The reason I'm sharing this guilty pleasure, which may be similar to someone saying that they love when friends sit them down for a slide show of their vacation photos, is because I recently watched the Sarah Lawrence Class of 2011 commencement speech given by Arianna Huffington of the Huffington Post (which has only been around since 2005, which surprised me. I thought it was way older than that). Of course I have to say how happy I am for all of my friends that recently graduated. It's hard to believe that we're all grown-ups now. No more lying around on Westlands lawn or sitting on the hot rock- well we could, but I think it would be considered trespassing. For those of you who aren't SLC people, here's the commencement speech:

The two things that stuck out from her speech were her thoughts on the desire to connect with the world and her thoughts on getting lucky by being unlucky.

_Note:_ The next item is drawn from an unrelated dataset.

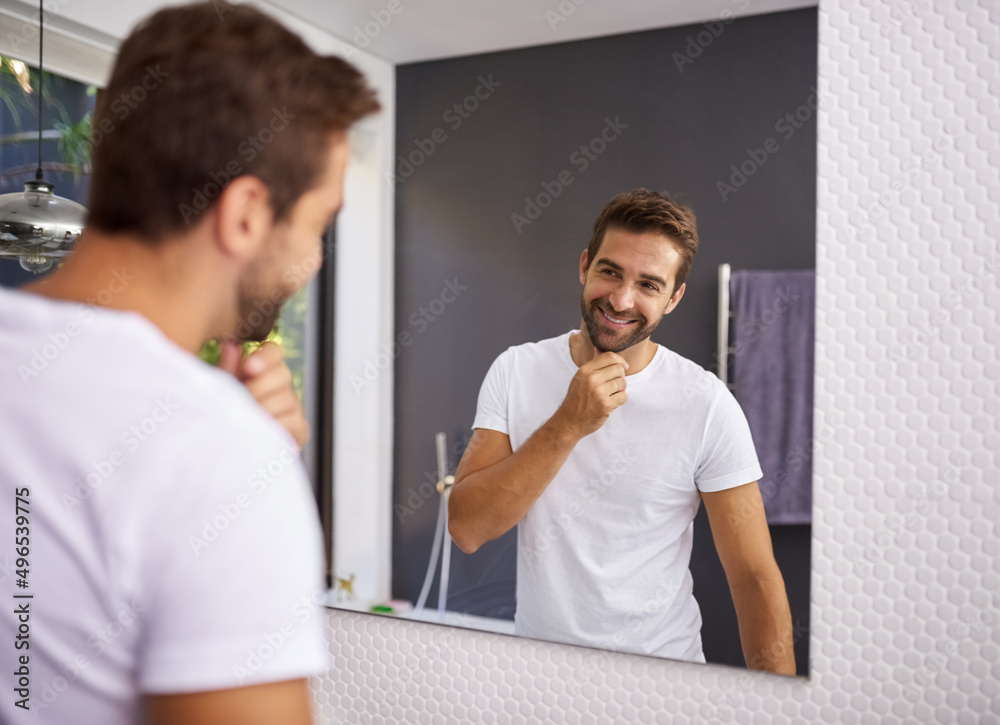 Poster i do look good with a beard though. cropped shot of a handsome man looking at himself in the mirror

Since being in Georgia I've been thinking about the concept of 'community' a lot (and as soon as I start thinking about 'community' I think back to all of my classes with Julie Abraham where she was dead set on making us realize that the concept of 'community' only exists in our heads. So when I think of the construct of community and how I perceive communities within Georgia I imagine that Julie Abraham is somewhere in New York frowning but she doesn't entirely know why. Sorry, Julie!). I think about Georgian communities- most of which are based on family ties and are very different from the U.S. I also think about the refugee community where I teach every week as well as the expatriate community that I socialize with. There is a whole lot of community going on in my life. And what am I doing with all of it? I'm just trying to connect. I'm trying desperately to connect with the Georgian community- which is very strained at times due to language. I'm trying to connect to the refugee community because I am inspired and humbled and so many other things by the amazing women I meet at the community center. And I am trying to connect with the expatriate community because after all of the cross-cultural connections I'm trying to instigate, at the end of the week I just want to have people who speak the same language and who can laugh about the same things. All I do with my life is connect. Even this blog is a testament to my desire to connect with yet another community- my friends and family who are not on this journey with me (oh man, this post just got kinda meta. Whoa). And I think it is important to say that this project that I am on is a attempt by the Georgian government to integrate Georgia into the global community.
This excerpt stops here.